Supplied information:
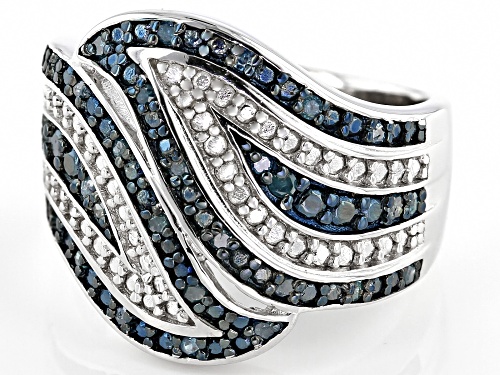 Pre-Owned 0.30ctw Round Blue Velvet Diamonds™ Rhodium Over Sterling Silver Ring - Size 9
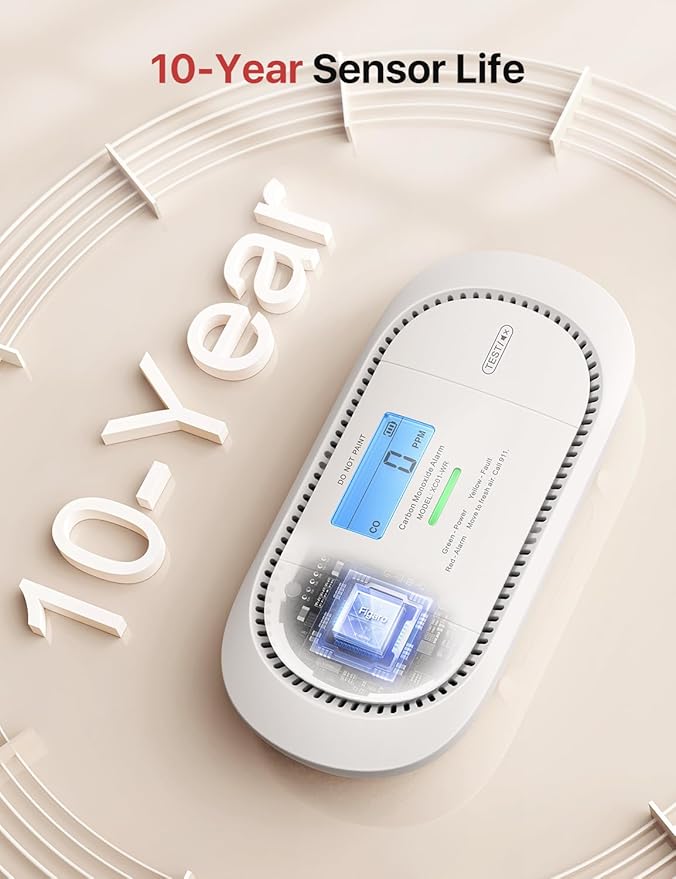 X-Sense Wireless Interconnected Carbon Monoxide Detector, Replaceable Battery Powered CO Alarm with Digital Display and Peak Value Memory, XC01-WR, Pack of 2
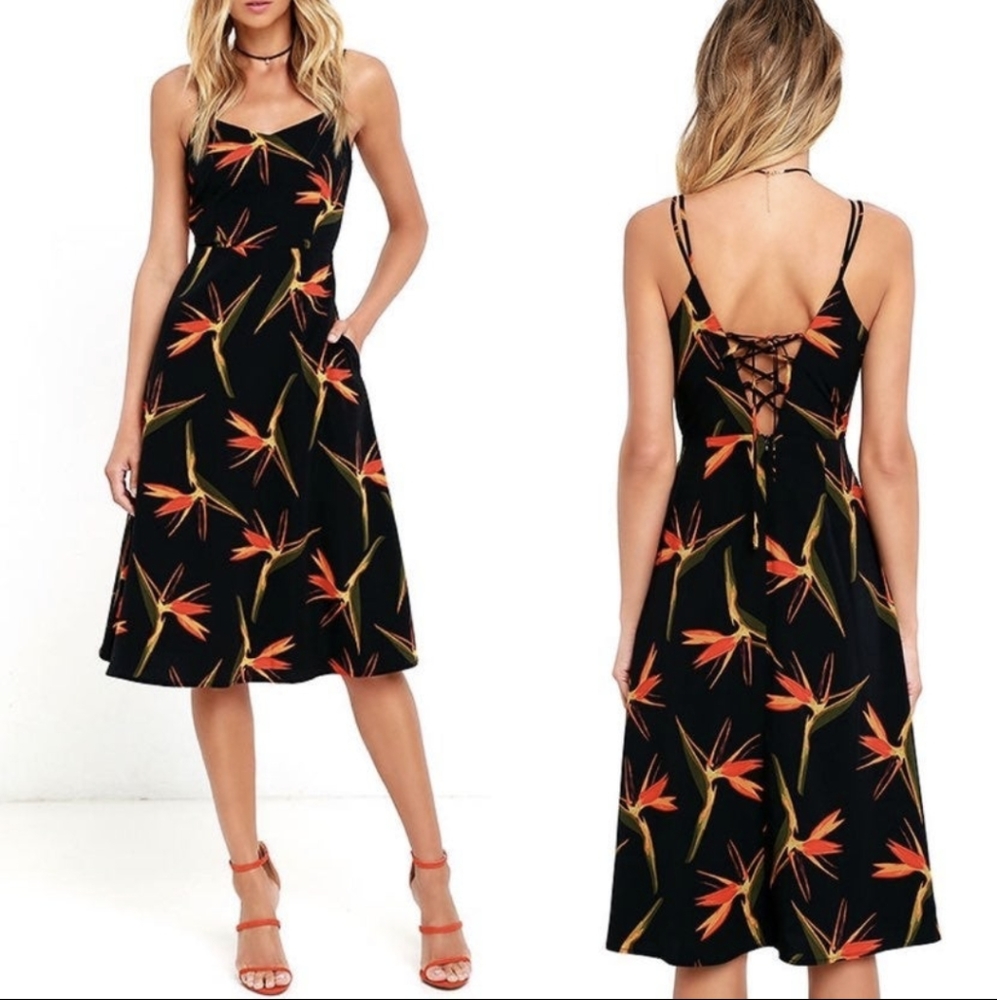 JOA x LULUS Miranda Black Orange Birds of Paradise Tropical Print Dress Size XS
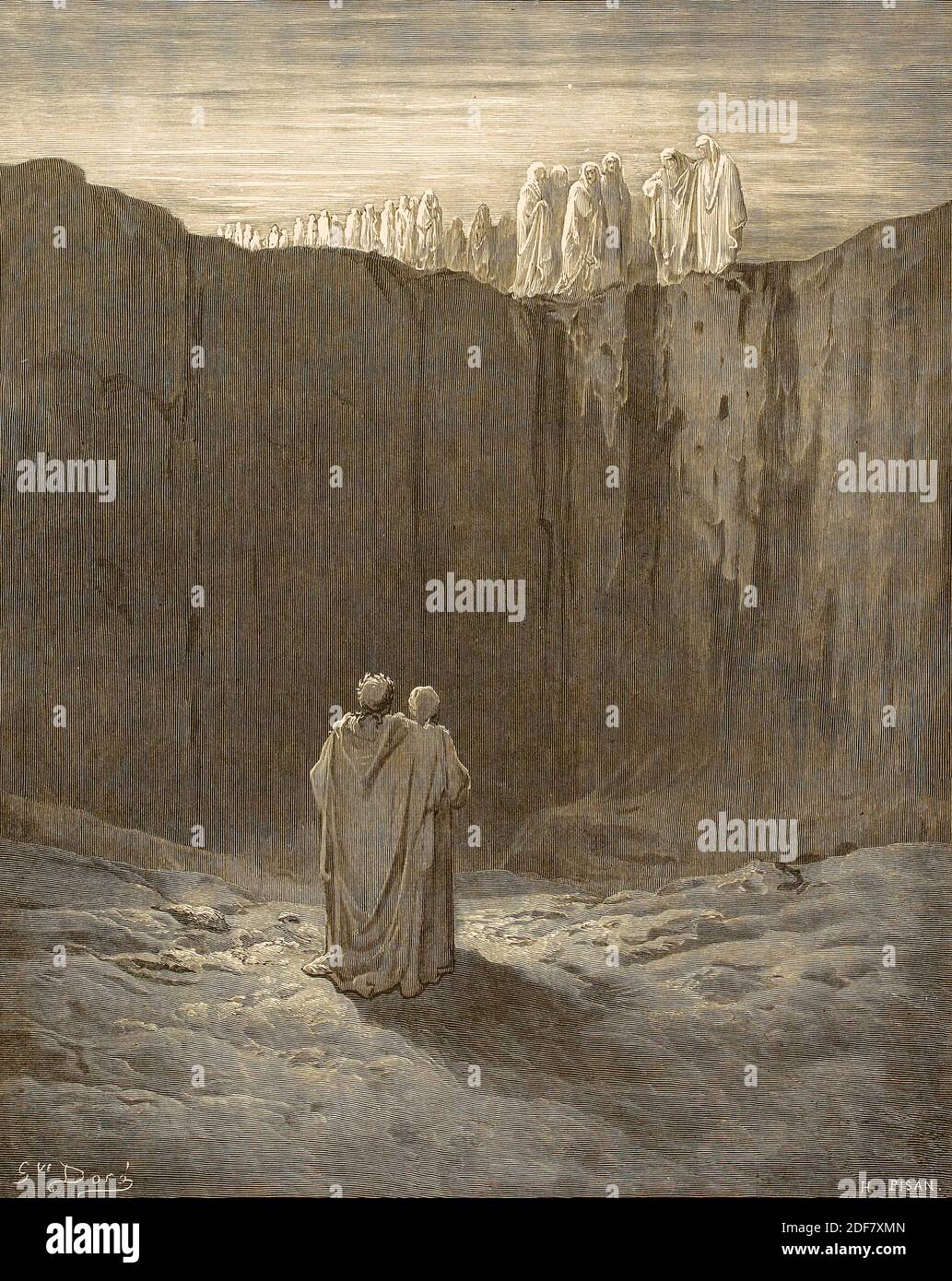 Dante - Divina Commedia - Purgatorio - Ilustración de Gustave Dorè - Canto III -poetas ven una multitud de almas, Foto de stock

Action item: Could you print the data exactly as it appears and keep the pictures out?

Task solution:
 Pre-Owned 0.30ctw Round Blue Velvet Diamonds™ Rhodium Over Sterling Silver Ring - Size 9
 X-Sense Wireless Interconnected Carbon Monoxide Detector, Replaceable Battery Powered CO Alarm with Digital Display and Peak Value Memory, XC01-WR, Pack of 2
 JOA x LULUS Miranda Black Orange Birds of Paradise Tropical Print Dress Size XS
 Dante - Divina Commedia - Purgatorio - Ilustración de Gustave Dorè - Canto III -poetas ven una multitud de almas, Foto de stock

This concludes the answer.